Porém, o advogado panamenho Harley Mitchell Moran, que trabalhou em casos que acusam empresas por violações ambientais, acredita que chegar a um acordo só seria possível se ele for “legal, de conhecimento público e considere os interesses nacionais em jogo, como um meio ambiente saudável”.
O Dialogue Earth pediu entrevista a um representante da Minera Panamá, mas não obteve resposta. O Ministério do Comércio e Indústria, encarregado de supervisionar a administração da mina Cobre Panamá, também foi contatado para comentar o assunto, mas não respondeu até a publicação da reportagem.
Economia enfrenta ressaca da mineração
A mina acumulou investimentos na casa dos US$ 10 bilhões ao longo de uma década, além de sete mil funcionários e uma produção que responde por 75% das exportações do Panamá. Por isso, autoridades e empresários terão dificuldades para alcançar os números da Cobre Panamá.
Desde a proibição das concessões minerárias, tanto ambientalistas quanto economistas têm apontado para o potencial de indústrias alternativas não-extrativistas, que, segundo eles, podem criar raízes profundas no país.
Argote destaca os sucessos dos setores de construção e logística do Panamá. O ecoturismo de baixo impacto pode ser outra opção: só no ano passado, o setor de turismo gerou mais de US$ 900 milhões em receita para o país.
Apesar do impacto do fechamento da mina na economia panamenha, o PIB ainda deve crescer 2% este ano, fazendo do país uma das economias mais sólidas da região.

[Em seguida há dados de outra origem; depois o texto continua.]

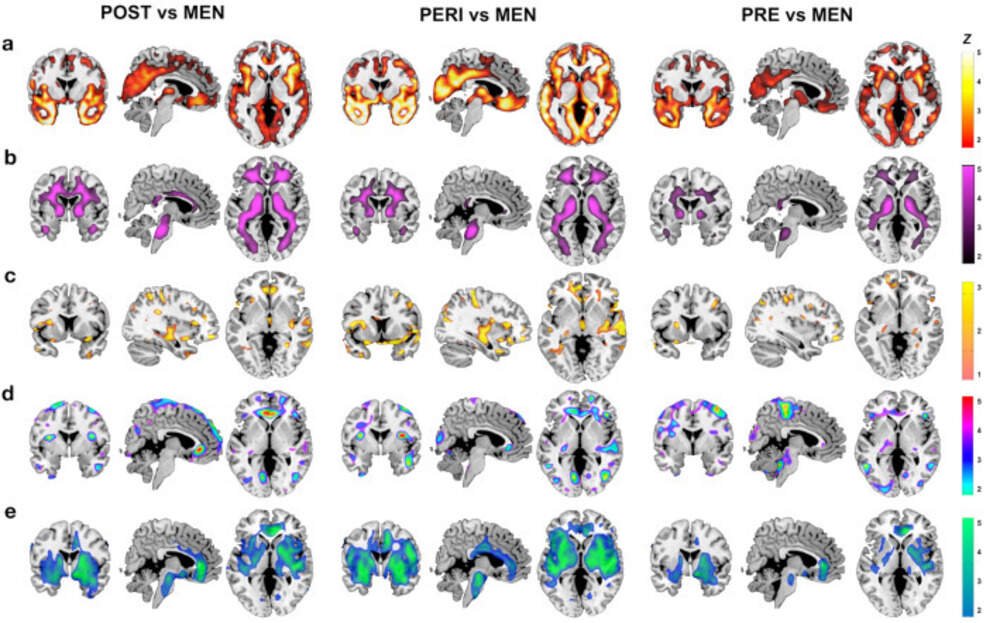 Your brain on menopause | On Point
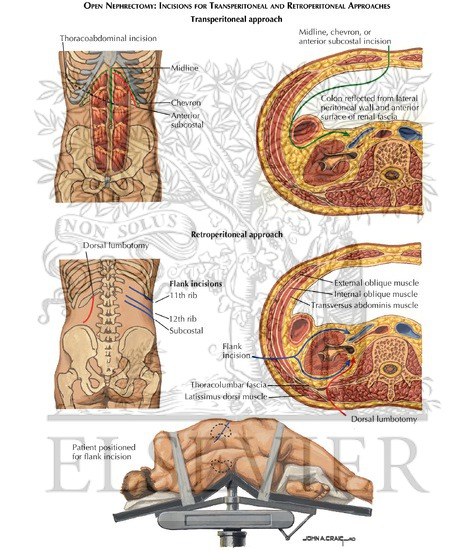 term papers radical neprectomy term papers radical neprectomy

Quanto às exportações, após a interrupção das cargas de minério no porto de Punta Rincón em novembro passado, as bananas substituíram o cobre como principal produto exportado pelo Panamá, conforme os dados do primeiro bimestre do Ministério do Comércio e Indústria. A China, até então o principal destino do cobre, passou do primeiro para o nono lugar entre os maiores destinos das exportações panamenhas.
Não pode haver energia ‘limpa’ com materiais que afetam as espécies e a vida humanaJoana Ábrego, diretora jurídica do Centro de Defesa Ambiental do Panamá
O cobre abastece um mercado global em transição para a energia verde, setor em franca ascensão na América Latina. Na cadeia global de minerais estratégicos para descarbonizar as economias, o Panamá é atualmente uma espécie de elo perdido. “Não pode haver energia ‘limpa’ com materiais que afetam as espécies e a vida humana”, observa Ábrego.

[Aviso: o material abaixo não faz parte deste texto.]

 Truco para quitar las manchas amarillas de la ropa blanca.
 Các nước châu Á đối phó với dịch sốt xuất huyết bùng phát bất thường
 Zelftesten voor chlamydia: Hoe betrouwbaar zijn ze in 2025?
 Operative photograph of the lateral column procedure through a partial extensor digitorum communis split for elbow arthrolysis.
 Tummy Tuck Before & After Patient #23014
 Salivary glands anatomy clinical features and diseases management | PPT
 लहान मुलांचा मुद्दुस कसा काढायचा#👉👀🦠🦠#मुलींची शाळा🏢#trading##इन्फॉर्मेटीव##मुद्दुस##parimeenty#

O fechamento da mina diante da pressão popular liderada por jovens ativistas representa uma oportunidade de restaurar a “ordem legal” e de enfim respeitar a legislação ambiental, diz o advogado Harley Mitchell Moran.

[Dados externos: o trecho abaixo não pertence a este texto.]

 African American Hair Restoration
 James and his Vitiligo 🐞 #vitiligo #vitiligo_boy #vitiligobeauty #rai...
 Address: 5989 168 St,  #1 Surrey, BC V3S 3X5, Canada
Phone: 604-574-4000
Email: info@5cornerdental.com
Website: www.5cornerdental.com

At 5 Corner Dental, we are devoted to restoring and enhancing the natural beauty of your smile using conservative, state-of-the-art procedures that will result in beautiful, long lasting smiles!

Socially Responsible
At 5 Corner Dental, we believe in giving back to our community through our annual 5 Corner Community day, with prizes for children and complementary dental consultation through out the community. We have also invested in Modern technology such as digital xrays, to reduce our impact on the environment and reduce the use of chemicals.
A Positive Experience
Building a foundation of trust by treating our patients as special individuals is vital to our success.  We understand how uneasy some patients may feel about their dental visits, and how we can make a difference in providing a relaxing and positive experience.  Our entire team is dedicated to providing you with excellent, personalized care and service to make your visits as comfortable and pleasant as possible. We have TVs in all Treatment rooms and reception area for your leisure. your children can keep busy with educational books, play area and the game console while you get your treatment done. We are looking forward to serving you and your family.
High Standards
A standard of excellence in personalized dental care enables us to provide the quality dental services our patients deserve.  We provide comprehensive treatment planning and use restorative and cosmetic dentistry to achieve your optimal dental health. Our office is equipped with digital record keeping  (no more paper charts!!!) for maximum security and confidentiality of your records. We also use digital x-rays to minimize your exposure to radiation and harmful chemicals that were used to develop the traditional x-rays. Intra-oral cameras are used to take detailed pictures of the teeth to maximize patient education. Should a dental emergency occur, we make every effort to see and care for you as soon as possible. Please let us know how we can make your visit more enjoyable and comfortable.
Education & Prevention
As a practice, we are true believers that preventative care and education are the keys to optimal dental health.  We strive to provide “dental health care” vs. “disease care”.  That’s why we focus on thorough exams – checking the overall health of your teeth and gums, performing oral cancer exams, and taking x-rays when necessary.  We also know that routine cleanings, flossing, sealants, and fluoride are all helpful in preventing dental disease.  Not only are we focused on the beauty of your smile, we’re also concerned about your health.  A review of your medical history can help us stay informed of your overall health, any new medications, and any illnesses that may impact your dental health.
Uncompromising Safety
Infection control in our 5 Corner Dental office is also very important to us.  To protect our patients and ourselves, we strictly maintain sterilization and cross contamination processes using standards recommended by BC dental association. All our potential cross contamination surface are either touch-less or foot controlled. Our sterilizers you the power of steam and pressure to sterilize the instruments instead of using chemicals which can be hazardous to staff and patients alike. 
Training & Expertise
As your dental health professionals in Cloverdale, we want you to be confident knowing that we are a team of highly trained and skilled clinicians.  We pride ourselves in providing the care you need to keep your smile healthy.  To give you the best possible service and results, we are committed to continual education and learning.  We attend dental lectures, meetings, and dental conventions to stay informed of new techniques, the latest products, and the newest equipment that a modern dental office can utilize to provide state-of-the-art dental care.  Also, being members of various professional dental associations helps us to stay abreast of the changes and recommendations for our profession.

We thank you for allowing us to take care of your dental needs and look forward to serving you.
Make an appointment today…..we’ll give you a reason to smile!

Caso o governo do próximo presidente eleito decida apostar no futuro da mineração no Panamá, não terá um trabalho fácil pela frente: não bastará promover, negociar e aprovar novos contratos; a nova administração deverá convencer toda uma nova geração de que tem governança ambiental e respeita os limites constitucionais da atividade.
Por enquanto, as últimas pesquisas de intenção de voto colocam José Raúl Mulino, de centro-direita, na liderança da corrida presidencial. Por isso, o país aguarda ansiosamente uma decisão da Suprema Corte sobre o status de sua candidatura, já que ele substituiu o ex-presidente Ricardo Martinelli (2009-2014), condenado em março por lavagem de dinheiro. Críticos defendem, porém, que a troca do candidato a vice-presidente para líder da chapa foi inconstitucional.
Já as perspectivas de que a First Quantum volte a extrair minérios no país são vistas como improváveis, independentemente do resultado das eleições.